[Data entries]
————

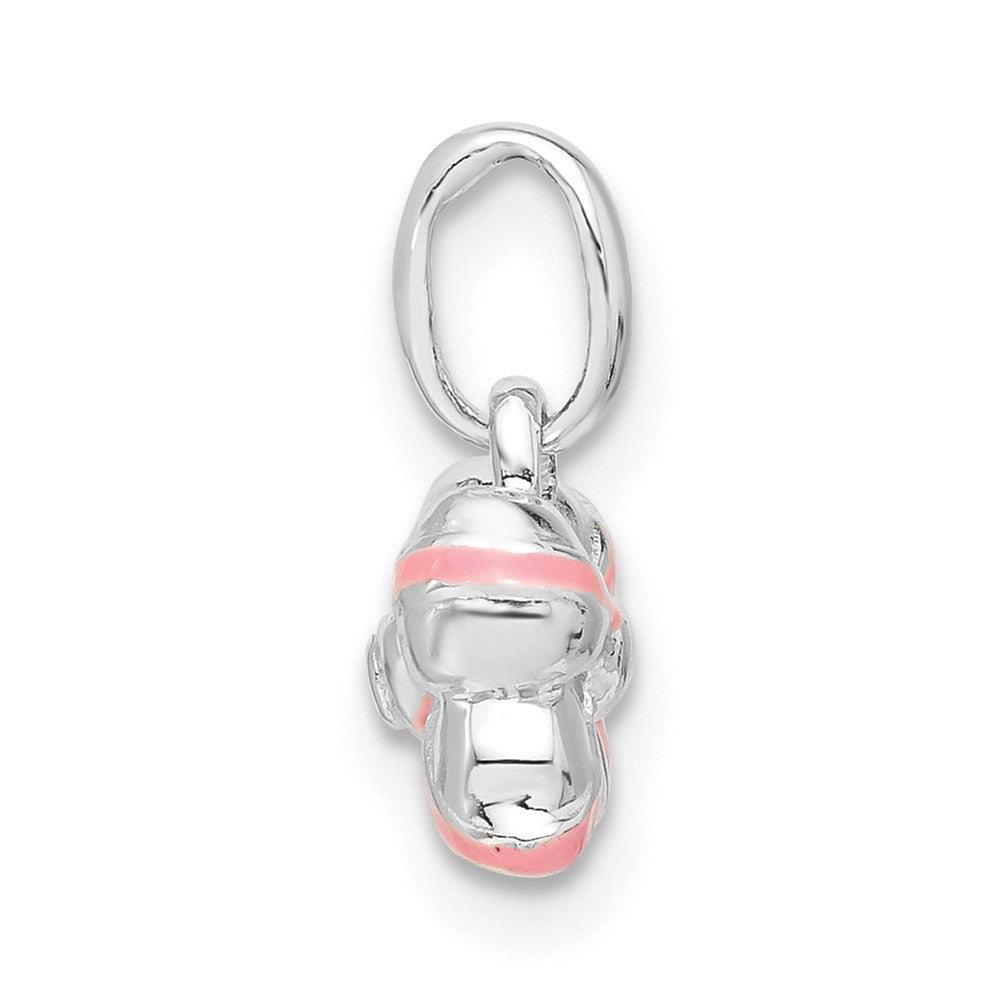 Sterling Silver Pink Enamel & Cz Kid'S Bow Pendant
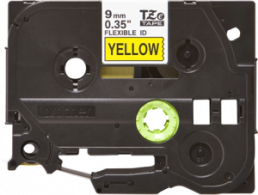 Labelling tape cartridge, 9 mm, tape yellow, font black, 8 m, TZE-FX621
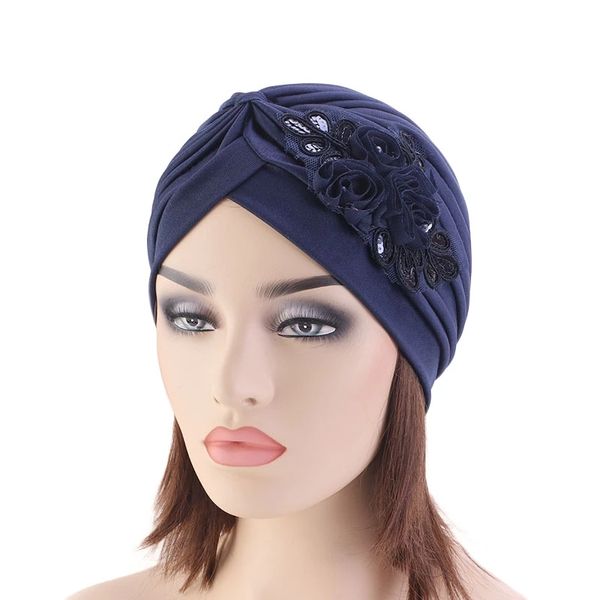 Nuovo turbante con fiore di paillettes Copricapo da donna Hijab musulmano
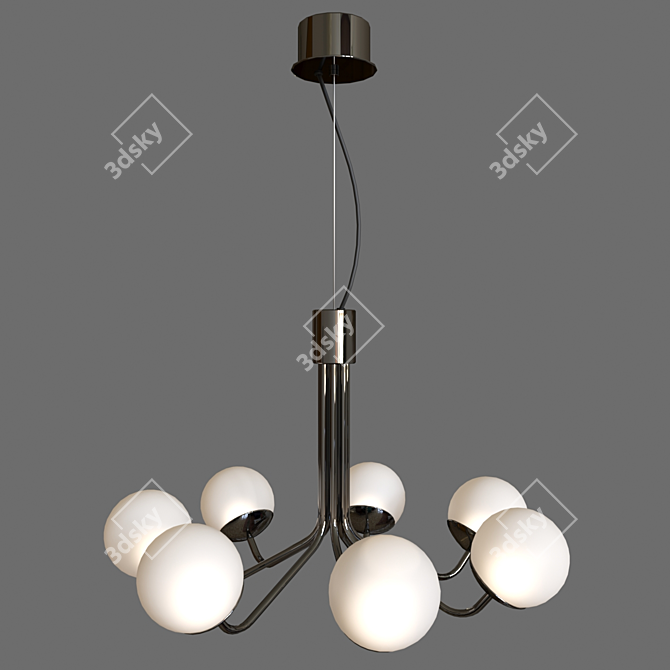 7-Light Chrome and Milk Glass Chandelier 3D model image 2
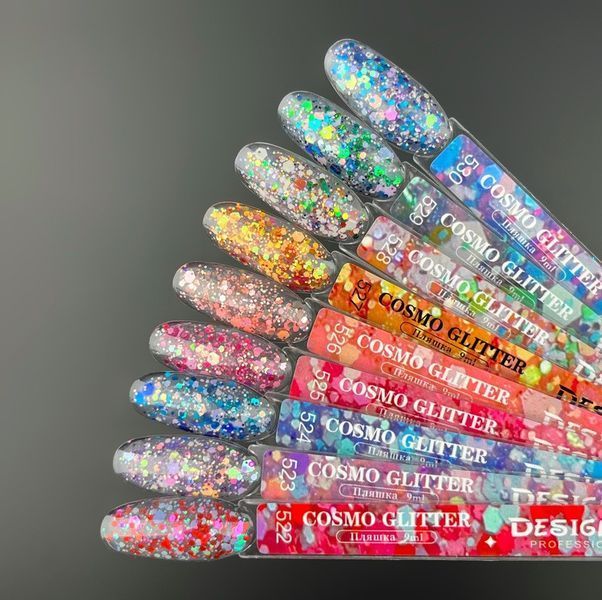 Гель лак с конфетти разных размеров Cosmo Glitter Designer Professional 9мл. №524 010139 фото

————

◆ Task requirements
Leave the pictures out, and restate exactly the lines from the start of the records through the one that contains "7-Light Chrome and".

◆ Answer section
 Sterling Silver Pink Enamel & Cz Kid'S Bow Pendant
 Labelling tape cartridge, 9 mm, tape yellow, font black, 8 m, TZE-FX621
 Nuovo turbante con fiore di paillettes Copricapo da donna Hijab musulmano
 7-Light Chrome and Milk Glass Chandelier 3D model image 2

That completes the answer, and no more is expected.